Mohan loves to travel, having been to the British Isles several times, on cruises to Alaskan glaciers and Mayan ruins, and to the many chocolate shops of Ypres, Belgium.
"One of the biggest thrills of my life was when I got to present a paper at Trinity College," she said, reflecting on one of several trips she's taken to Ireland.
Mohan has integrated her passion for traveling into her role as program director of Humanities II in Paris for the past two years, where World War-themed tours took the class to museums, monuments and the beaches of Normandy.
"It was such a moving experience for me," she said, "because my father had been in the D-Day invasion, and then I had students on the trip whose grandfathers were paratroopers."
In addition to traveling, Mohan enjoys spending her free time interior decorating, inspired by shows like Trading Spaces. She is currently working towards her certification in Reiki, a healing technique which involves a balancing of energy, and she regularly takes meditation classes for the same purpose. She also loves to work out at the gym, training in weights and aerobics at least three times a week. Having studied art in school, Mohan likes to paint and engage in a variety of creative projects.
"At some point," Mohan said, "I'd like to do a little more private consulting.

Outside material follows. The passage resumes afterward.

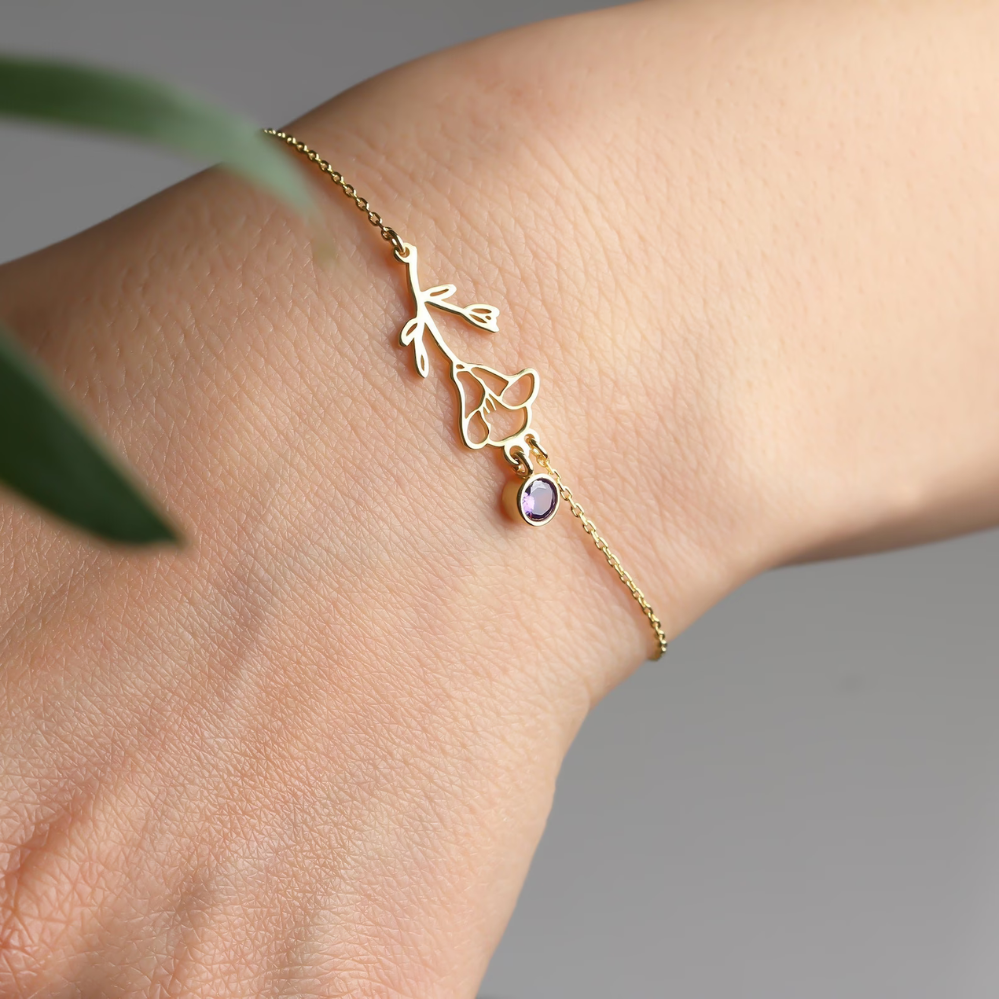 Pulsera Floral de Cumpleaños - Pulsera con Piedra del Mes y Flor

I think that I maybe would reopen a firm in the years to come."
She also wants to spend a month volunteering at Best Friends Animal Sanctuary in Angel Canyon, Utah.
Next semester, Mohan will be taking a sabbatical leave to write a textbook, drawing on years of experience in public relations and many of the service-learning techniques she has used in connecting students to real-world experience.
"I certainly don't see myself giving up teaching anytime in the near future," she said.